Quand une personne aussi puissante que Daniel Démocrite s’en va il est de coutume de lui dresser une couronne de lauriers.
Tout ou presque a été dit sur la carrière de ce grand ténor qui a marqué le barreau de la Guadeloupe d’une empreinte indélébile.
Toutes les grandes affaires auxquelles il a prêté son talent. Toutes les grandes causes sont connues. Il nous reste à essayer de transpercer la robes de l’avocat pour atteindre l’homme.
D’abord Daniel était un homme généreux et tout ceux qui l’ont approché ont eu à apprécier cette douceur d’être, son extrême sensibilité et quelque chose de détonnant de l’ordre de la féminité en contre point de sa stature virile.
Oui, Daniel était un homme bon qui aimait la vie, les arts, sa famille, ses us et son pays.

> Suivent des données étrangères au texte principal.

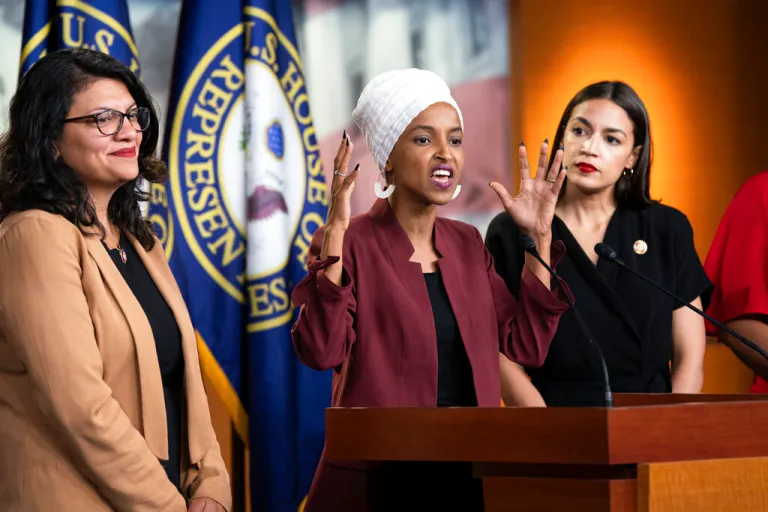 U.S. Rep. Ilhan Omar, D-Minn., flanked by U.S. Rep. Rashida Tlaib, D-Mich., left, and U.S. Rep. Alexandria Ocasio-Cortez, D-N.Y., responds to remarks by President Donald Trump after he called for four Democratic congresswomen of color to go back to their 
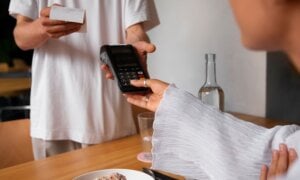 Person using a payment terminal at a restaurant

La vie et ses douceurs qui pour lui étaient essentielles ; le baba au rhum, le ris de veau, le chirurgien grillé mais aussi tout les plats du terroir goûteux et savoureux sans oublier les grands vins surtout de Bordeaux et bien-sûr le rhum.
De son extraordinaire aventure à côté de Jacques Vergès à La Réunion où il se rendit une dizaine de fois pour défendre Pierre, le fils de Paul Vergès. Il fut subjugé par les saveurs du rhum arrangé de l’île Bourbon qu’il accompagnait d’un curry pat cochon qu’il doublait d’un curry de zourit.
Tel un ogre affamé de saveurs inconnues mais qui ne lui étaient pas totalement étrangères.
Ce que beaucoup ignoraient est sa passion pour les arts notamment l’art contemporain de la Caraïbe.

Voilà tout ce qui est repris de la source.